Information provided:
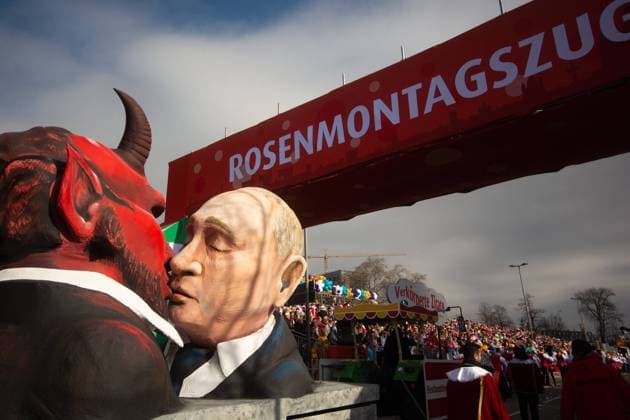 Bilder des Jahres 2023, News 02 Februar News Themen der Woche KW08 News Bilder des Tages Traditional Rose Monday Parade 2023 In Cologne A general view of Russian President Vladimir Putin kissing a float is seen during the Rose Monday Parade in Cologne, Germany, on February 20, 2023 cologne Germany  Copyright: xYingxTangx originalFilename: tang-notitle230220_npFUo.jpg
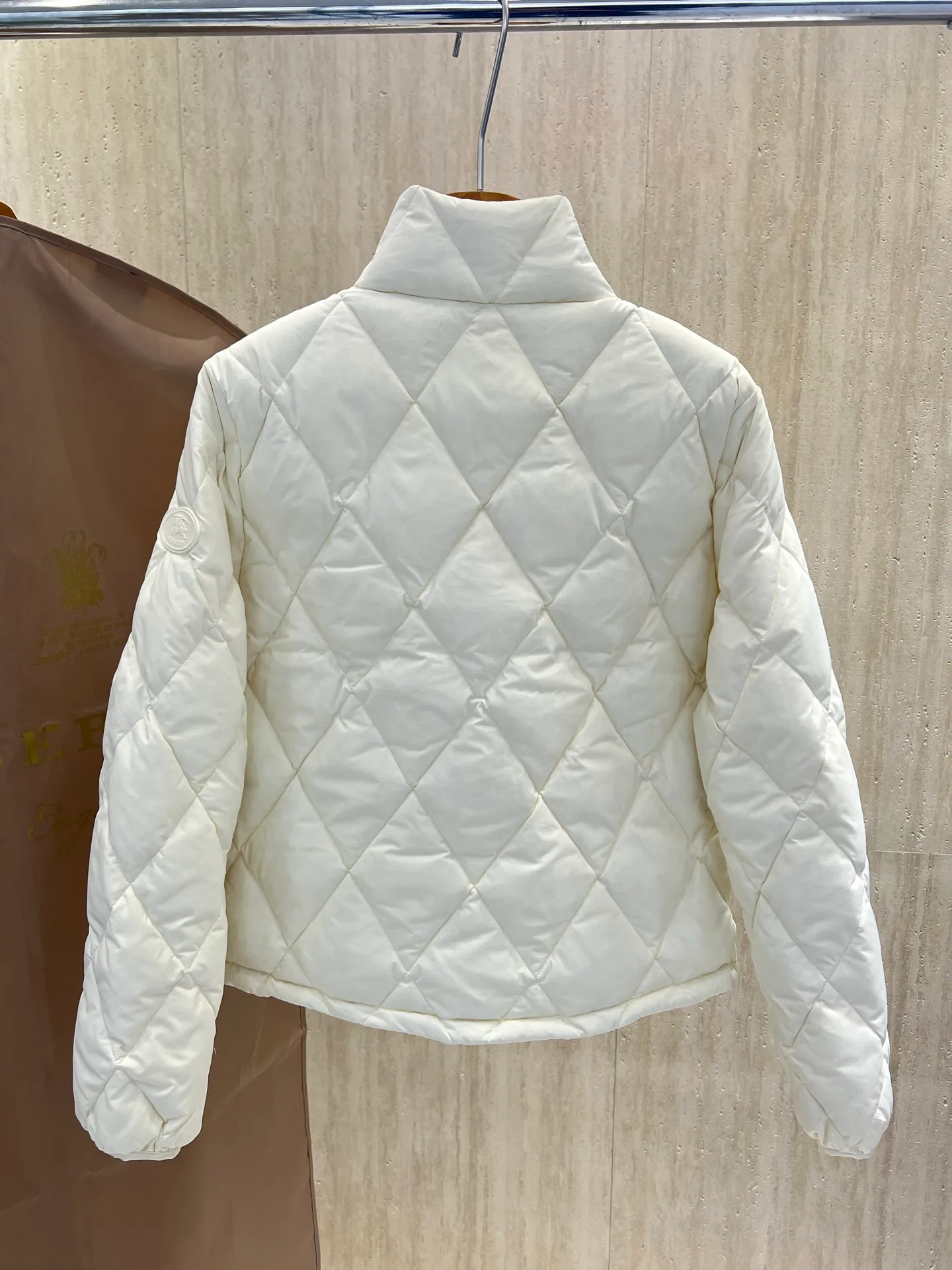 Куртки И Пуховики Женские Burberry 18296473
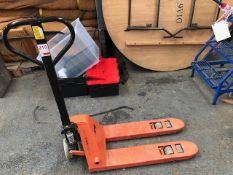 2500Kg short fork Pallet Truck * Collection last day of sale Tuesday 30th June 2021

Work item:
Repeat the data word for word. Images are not part of the copy.

Written solution:
 Bilder des Jahres 2023, News 02 Februar News Themen der Woche KW08 News Bilder des Tages Traditional Rose Monday Parade 2023 In Cologne A general view of Russian President Vladimir Putin kissing a float is seen during the Rose Monday Parade in Cologne, Germany, on February 20, 2023 cologne Germany  Copyright: xYingxTangx originalFilename: tang-notitle230220_npFUo.jpg
 Куртки И Пуховики Женские Burberry 18296473
 2500Kg short fork Pallet Truck * Collection last day of sale Tuesday 30th June 2021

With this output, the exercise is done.